> **Work to complete**:
Write the following entries out again exactly, skipping each image.

-------- Records for the exercise --------

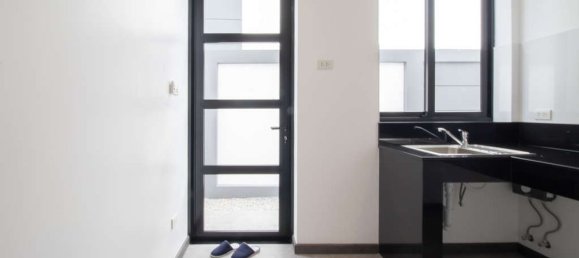 4 bedrooms House in Chiang Mai, Thailand No. 26969 9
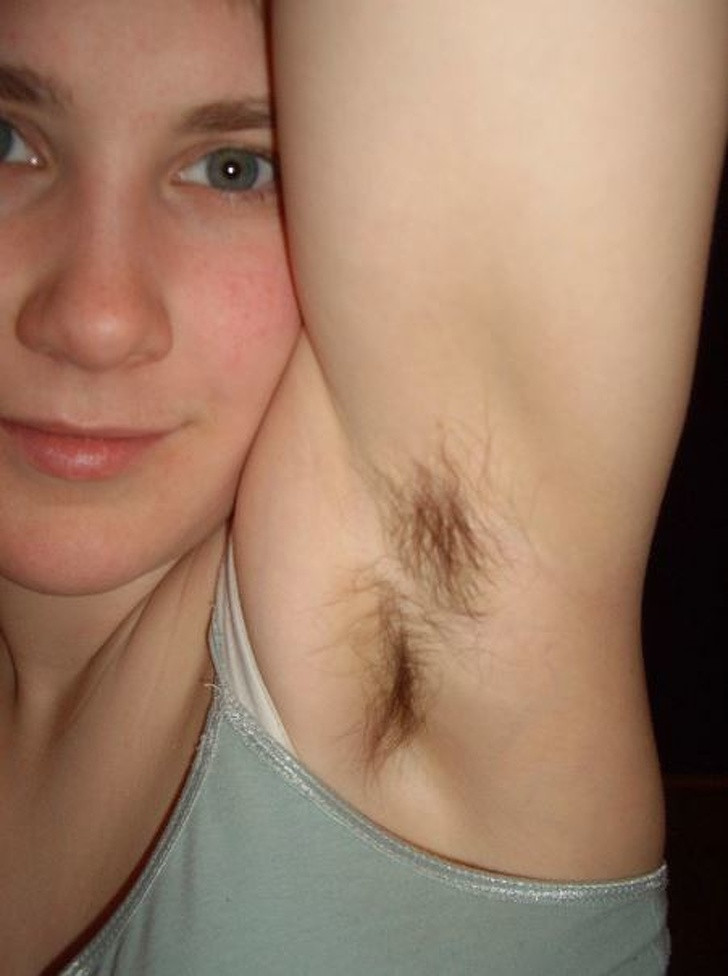 Lông nách: Một số nghiên cứu đã chỉ ra rằng, chức năng chính của lông nách là giải phóng pheromone - hormone thu hút người khác giới. Ngoài ra, lông nách cũng giúp khử mùi hôi ở vùng dưới cánh tay.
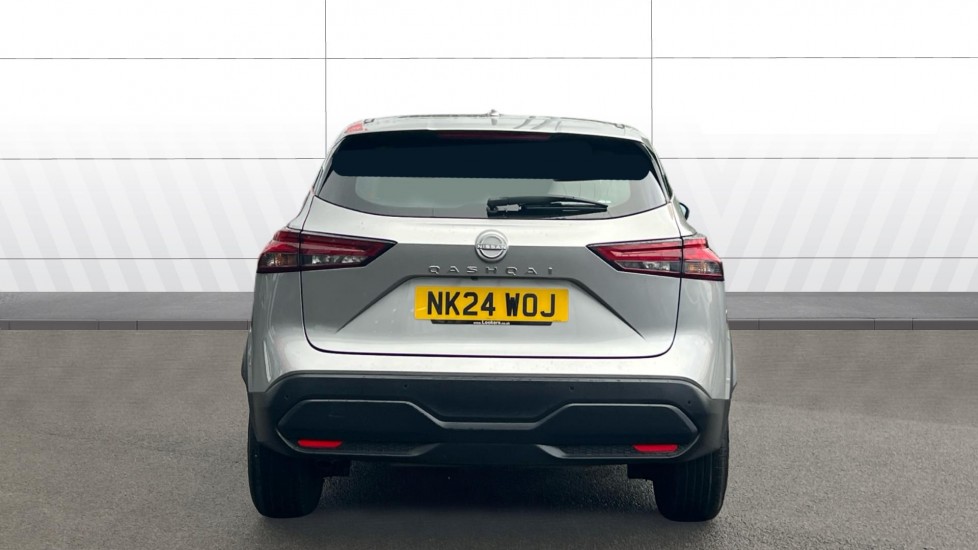 Nissan Qashqai 1.3 DiG-T MH Acenta Premium 5dr Petrol Hatchback - Image 6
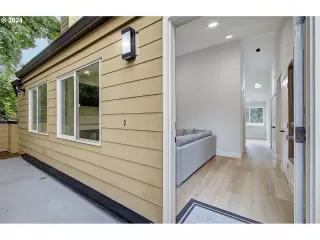 Photo #3: 138704322 Listing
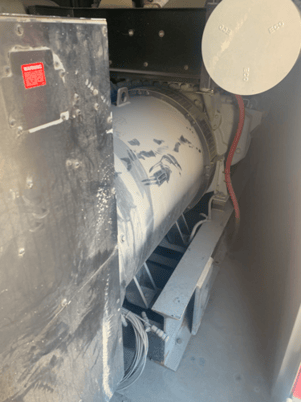 1250 KW Baldor #IDLC1250-2M, trailer mounted, Tier 2, sound attenuated enclosure, 277/480 Volts, 1410 hours - Image 4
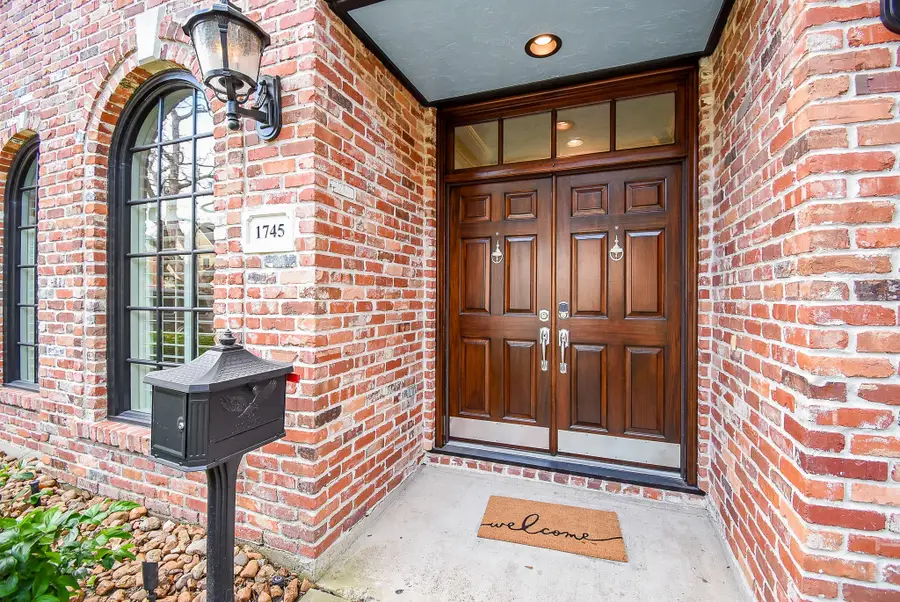 1745 Hawthorne Street, Houston, TX 77098 - Image #3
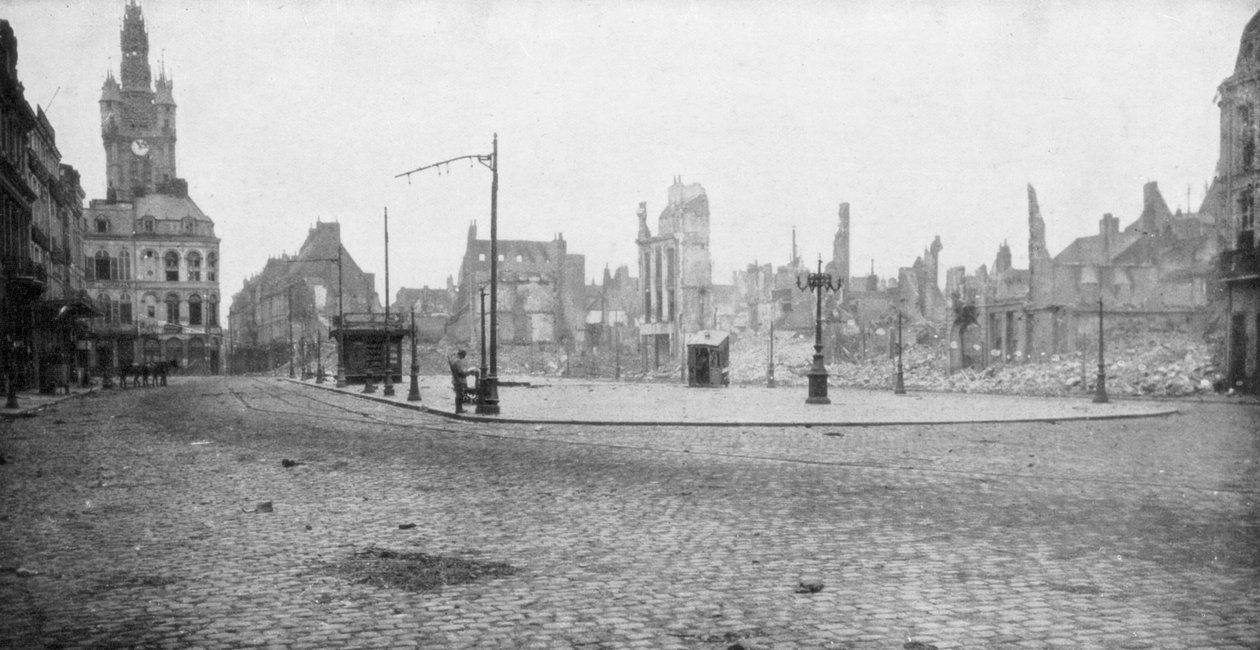 Die Ruinen und der Glockenturm von Douai, Frankreich, 1918 von Unbekannt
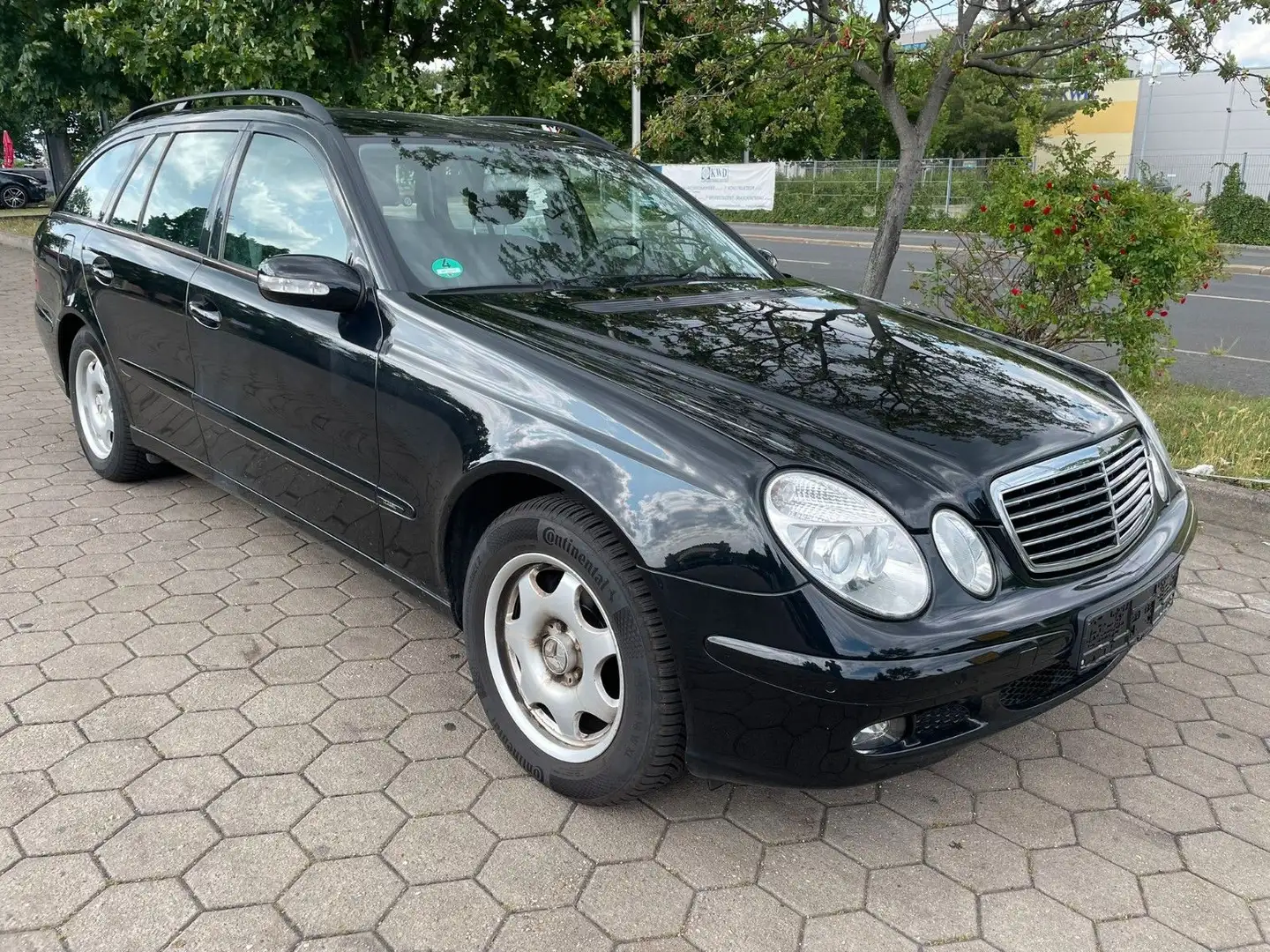 Mercedes-Benz E 200 KOMPRESSOR CLASSIC - 2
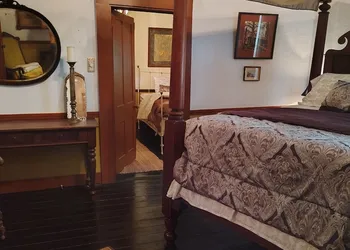 Lafleur Guest House hotel thumbnail 3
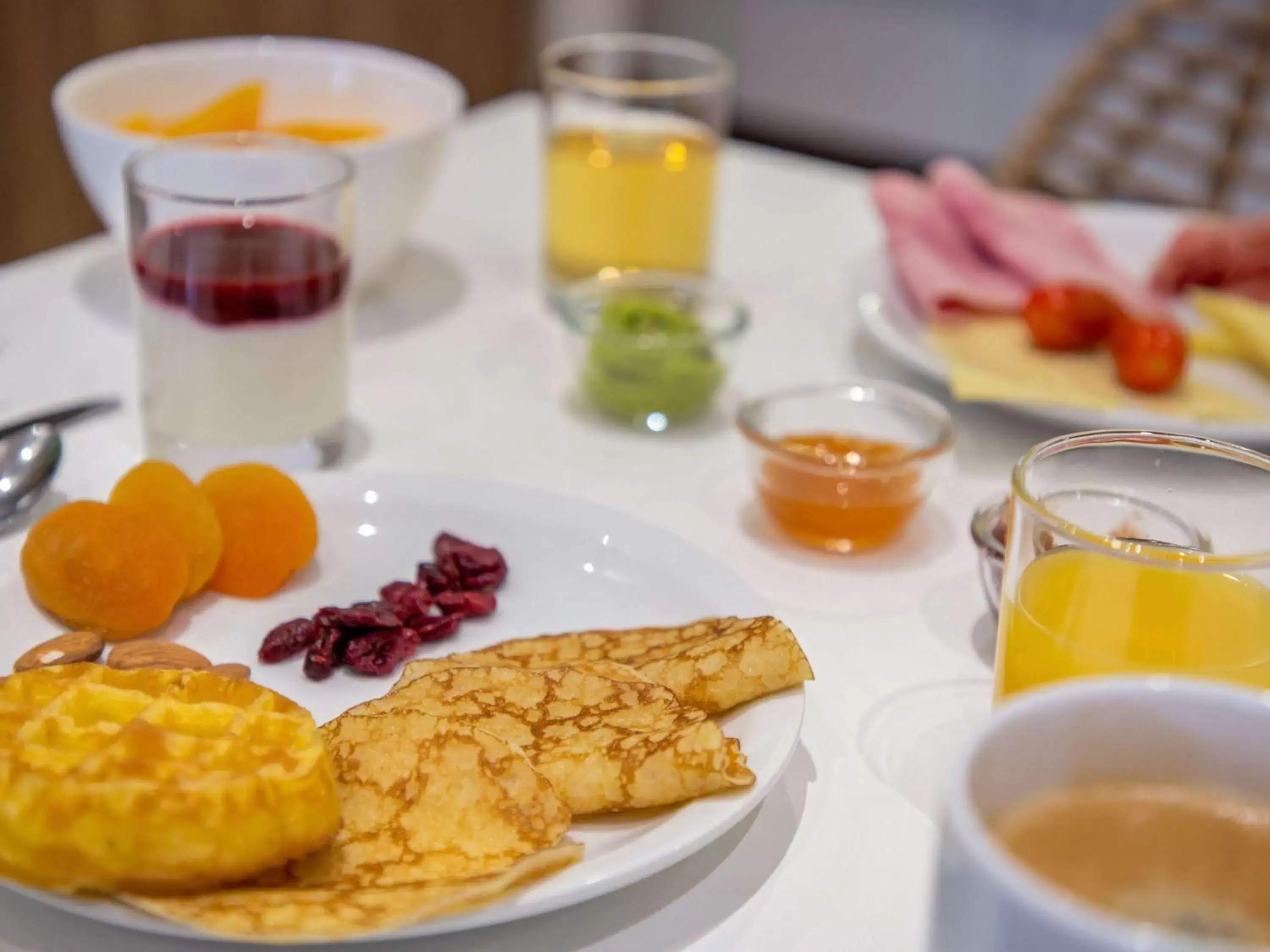 Breakfast in Novotel Suites Perpignan Centre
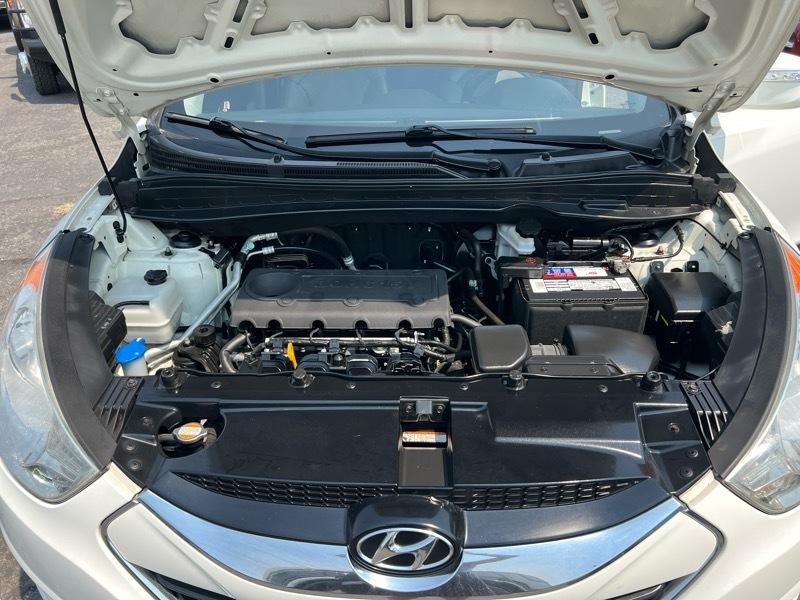 Hyundai Tucson FWD 4dr I4 Auto Limited PZEV 2010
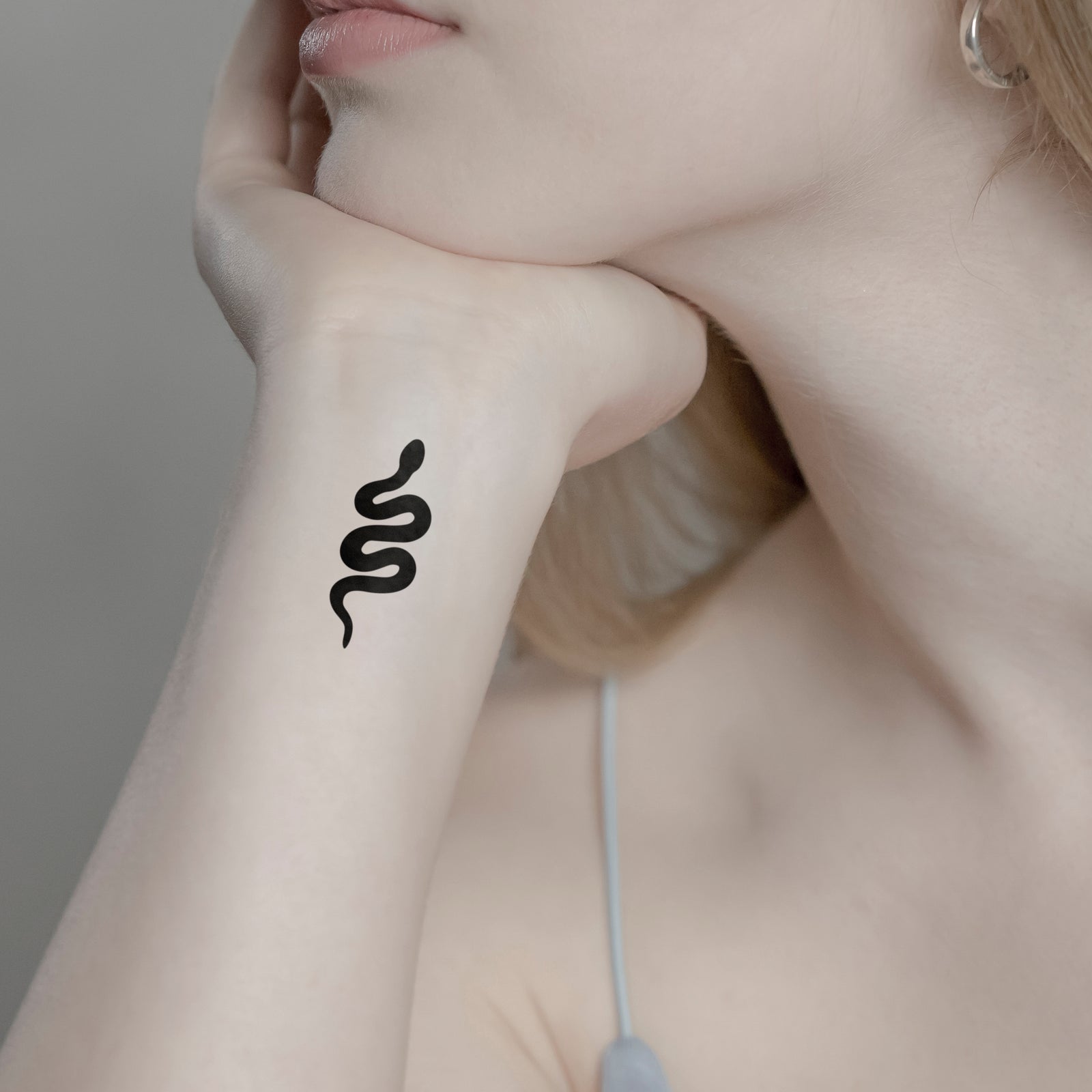 Temporäres Tattoo von minink: Ausgefüllte Schlange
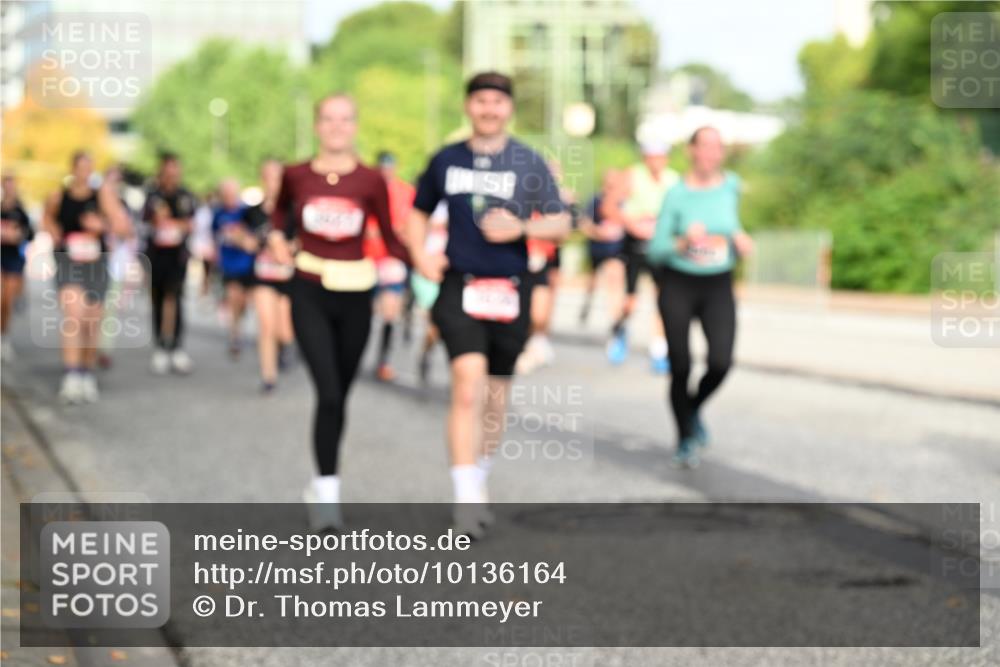 06.09.2026 - CURREX Alsterlauf Dr. Thomas Lammeyer http://msf.ph/oto/10136164 06.09.2026 10:01:06 Laufen  meine-sportfotos.de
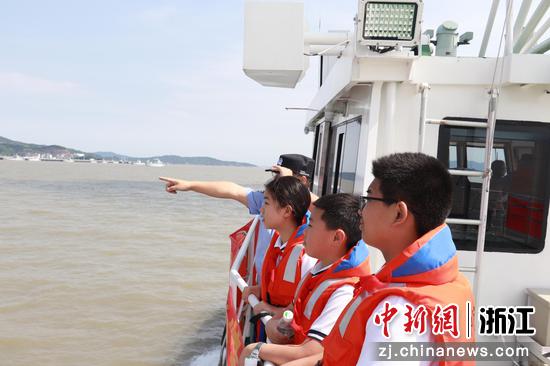 学生体验海上巡航。 大麦屿边检站 供图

--------

> **Your response**:
 4 bedrooms House in Chiang Mai, Thailand No. 26969 9
 Lông nách: Một số nghiên cứu đã chỉ ra rằng, chức năng chính của lông nách là giải phóng pheromone - hormone thu hút người khác giới. Ngoài ra, lông nách cũng giúp khử mùi hôi ở vùng dưới cánh tay.
 Nissan Qashqai 1.3 DiG-T MH Acenta Premium 5dr Petrol Hatchback - Image 6
 Photo #3: 138704322 Listing
 1250 KW Baldor #IDLC1250-2M, trailer mounted, Tier 2, sound attenuated enclosure, 277/480 Volts, 1410 hours - Image 4
 1745 Hawthorne Street, Houston, TX 77098 - Image #3
 Die Ruinen und der Glockenturm von Douai, Frankreich, 1918 von Unbekannt
 Mercedes-Benz E 200 KOMPRESSOR CLASSIC - 2
 Lafleur Guest House hotel thumbnail 3
 Breakfast in Novotel Suites Perpignan Centre
 Hyundai Tucson FWD 4dr I4 Auto Limited PZEV 2010
 Temporäres Tattoo von minink: Ausgefüllte Schlange
 06.09.2026 - CURREX Alsterlauf Dr. Thomas Lammeyer http://msf.ph/oto/10136164 06.09.2026 10:01:06 Laufen  meine-sportfotos.de
 学生体验海上巡航。 大麦屿边检站 供图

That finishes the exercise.